Compelling three-minute talks highlight graduate research excellence
The University of Melbourne’s 3 Minute Thesis Competition (3MT) Grand Final is a highlight on the University calendar and this year it did not disappoint.
Those who were in the audience, or watching the action unfold live on the web, experienced an entertaining and inspiring insight into the passion and life’s work of 12 talented PhD candidates, in fields as diverse as language, engineering, veterinary science, education and medicine.
The 3MT premise? Present a clear, concise and engaging oration of your research in accessible terms to an intelligent lay audience in three minutes with the use of only one slide.
This is quite a feat, considering a PhD is a comprehensive three-year research degree requiring the candidate to deliver their findings in an 80,000 to 100,000 word thesis.
The 3MT is considered an important innovation in graduate research training as it enables candidates to develop fundamental academic and research communication skills.

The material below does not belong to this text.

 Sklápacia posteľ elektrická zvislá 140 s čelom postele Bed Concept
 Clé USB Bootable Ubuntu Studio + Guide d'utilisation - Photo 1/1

The competition began at the University of Queensland (UQ) in 2008 and has since been adopted by a number of universities across Australia and New Zealand. It has grown into a national competition, with over 40 institutions competing annually for the title of ‘3MT Trans-Tasman Champion’.
Professor Dick Strugnell, Pro Vice-Chancellor (Graduate Research) from the Melbourne School of Graduate Research commends the competition and its value.
“Being able to reduce complex ideas down to simple statements for a general audience is vital for any researcher. The 3MT enables candidates to see their research in the bigger picture, how it adds value to society and contributes to the greater good of humanity. The key is to reflect on the purpose of the research, and then present it in a succinct way that connects to the audience,” Professor Strugnell says.
The competitors this year delivered some of the most compelling presentations the competition has seen since its inception at Melbourne in 2009.
Dr Simon Crouch from the School of Population Health presented his research into the health and wellbeing of children with same sex parents, which enthralled the audience and judges, landing him third prize.
“After the final more than one person came over to me and congratulated me on conducting what they viewed as important research”, says Dr Crouch. “They were a young woman with two mums and a mother with a lesbian daughter. They were really appreciative of the work I am doing and the 3MT was the way they were able to connect to my work.”
Many fascinating research topics were presented and included the bionic eye, council policies on alcohol-fuelled violence, the identity of foreign language teachers in English speaking countries, and the role of horror in society.
The winner this year was Sara Ciesielski from the School of Languages and Linguistics in the Faculty of Arts. Sara won a $4500 travel scholarship for her engaging presentation, Learning to be Sherpa: Children, language and culture on the roof of the world.
Ms Ciesielski’s research into Sherpa child language and culture in a remote Himalayan society was captivating. As most early child language research is based on European languages, she hopes her work with these little-studied communities will make child language research universal.
Ms Ciesielski was thrilled to have won the competition.
“All of the competitors were so strong, doing amazing research and presenting it in such fascinating and professional ways. I feel very lucky to be the one walking away with the trophy.”
With her travel scholarship, Sara hopes to conduct similar work in India or Tibet or to attend an international conference.
This is the first time a PhD candidate from an Arts discipline has won the 3MT at Melbourne.
“As a member of the Arts Faculty, it is especially exciting to win the 3MT. Occasionally we Arts folk struggle to communicate the value of our work to the public, especially alongside all the brilliant, life-saving work being done in Science and Medicine. Arts has so much to offer in helping us to think differently about the world, and to change it for the better in really important ways”, Ms Ciesielski says.
Ms Ciesielski will now represent Melbourne at the 2012 3MT National Competition at the University of Queensland.